Unit III 1
Unit III 1
Introduction:
In unsupervised learning, the learning algorithm is just shown the input data and asked to extract
knowledge from this data.
When we do not have any prior knowledge of the data set we are working with, but we still want to
discover interesting relationships among the attributes of the data or group the data in logical
segments for easy analysis. The task of the machine is then to identify this knowledge without any
prior training and that is the space of unsupervised learning.
Clustering algorithms help in grouping data sets into logical segments and the association
analysis which enables to identify a pattern or relationship of attributes within the data set. An
interesting application of the association analysis is the Market Basket Analysis, which is used
widely by retailers and advertisers across the globe.
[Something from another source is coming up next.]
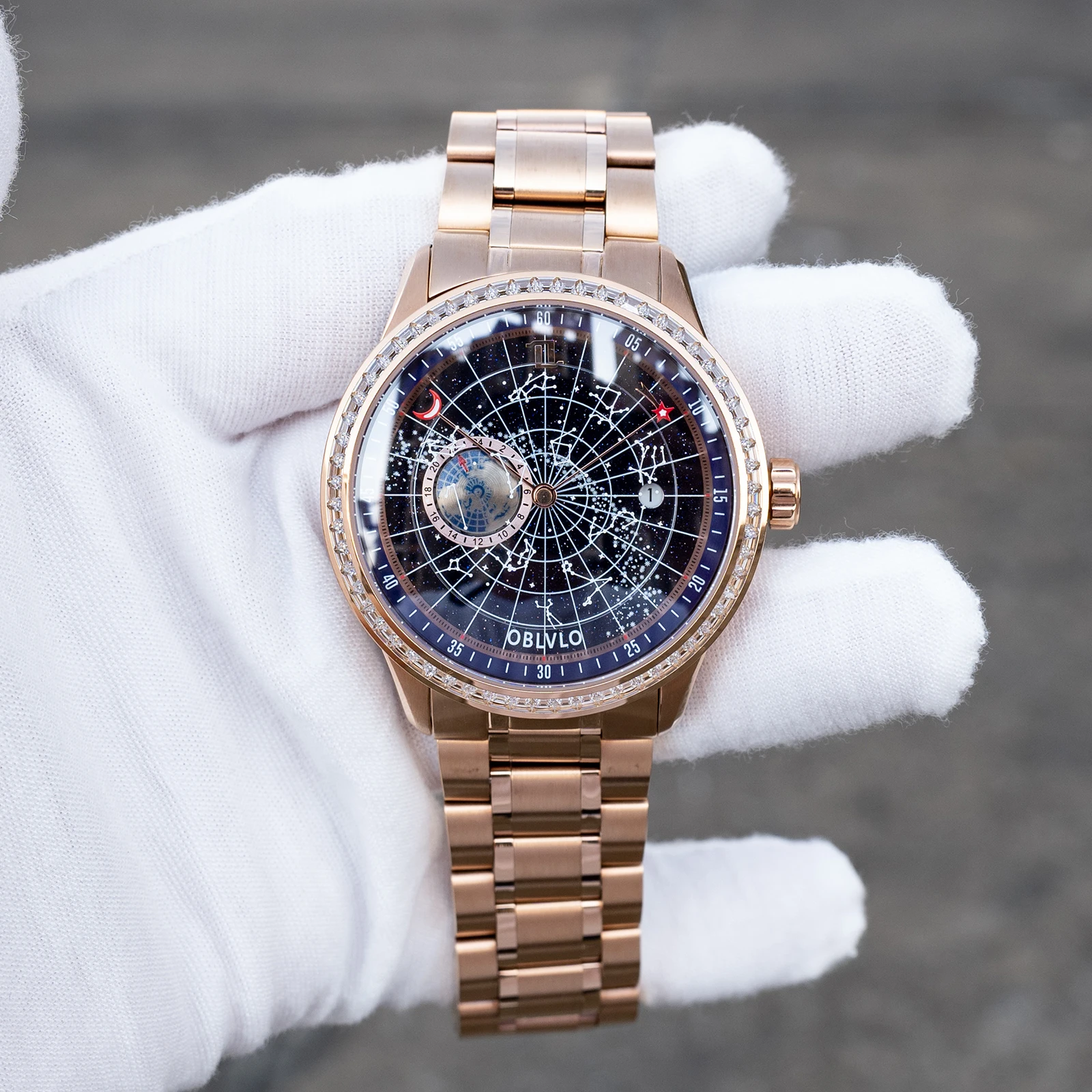 ساعة OBLVLO للرجال أنيقة باللون الذهبي الوردي ونجمة الأرض مع إطار ماسي ومينا أزرق وسوار أوتوماتيكي وسوار ساعة GC-D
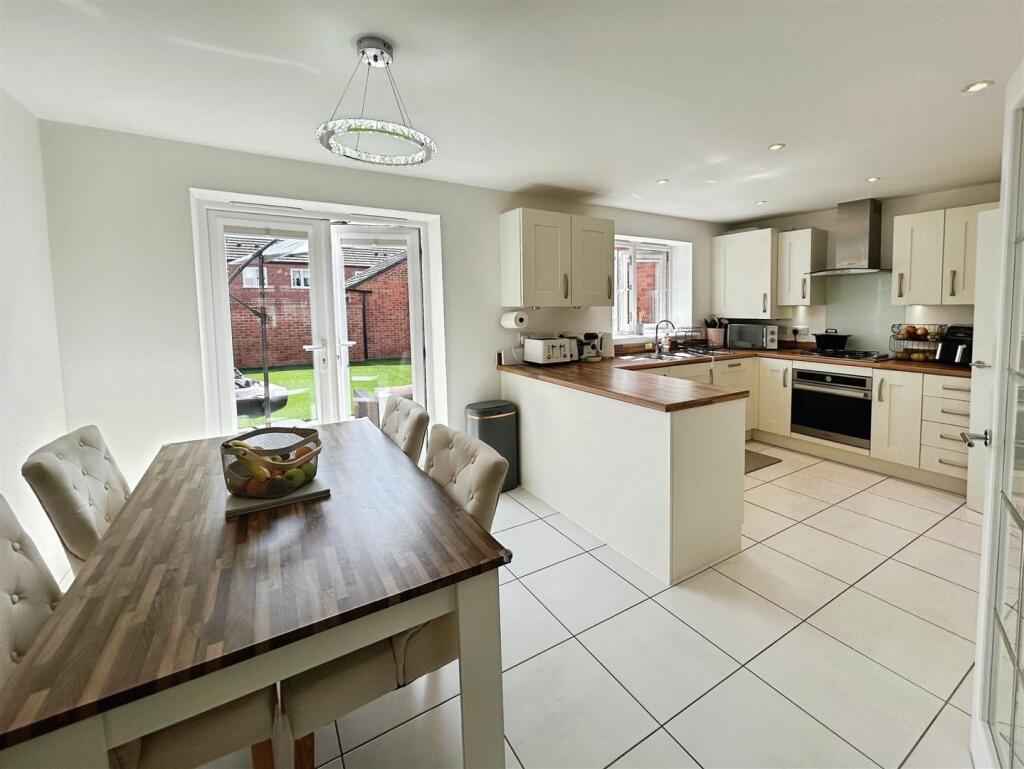 834370b3-9-4031-81EF-AF2B92D8E63C-1141-000000E3251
Unsupervised learning helps in pushing movie promotions to the correct group of people. With the
advent of smart devices and apps, there is now a huge database available to understand what type of
movie is liked by what segment of the demography. Machine learning helps to find out the pattern or
the repeated behaviour of the smaller groups/clusters within this database to provide the intelligence
about liking or disliking of certain types of movies by different groups within the demography. So, by
using this intelligence, the smart apps can push only the relevant movie promotions or trailers to the
selected groups, which will significantly increase the chance of targeting the right interested person for
the movie.
Clustering is a broad class of methods used for discovering unknown subgroups in data, which is the
most important concept in unsupervised learning.
clustering is the task of partitioning the dataset into groups, called clusters. The goal is to split up
the data in such a way that points within a single cluster are very similar and points in different
clusters are different. Similarly to classification algorithms, clustering algorithms assign (or predict) a
number to each data point, indicating which cluster a particular point belongs to.
Clustering refers to a broad set of techniques for finding subgroups, or clusters, in a data set on the
basis of the characteristics of the objects within that data set in such a manner that the objects within
the group are similar (or related to each other) but are different from (or unrelated to) the objects
from the other groups. The effectiveness of clustering depends on how similar or related the objects
within a group are or how different or unrelated the objects in different groups are from each other.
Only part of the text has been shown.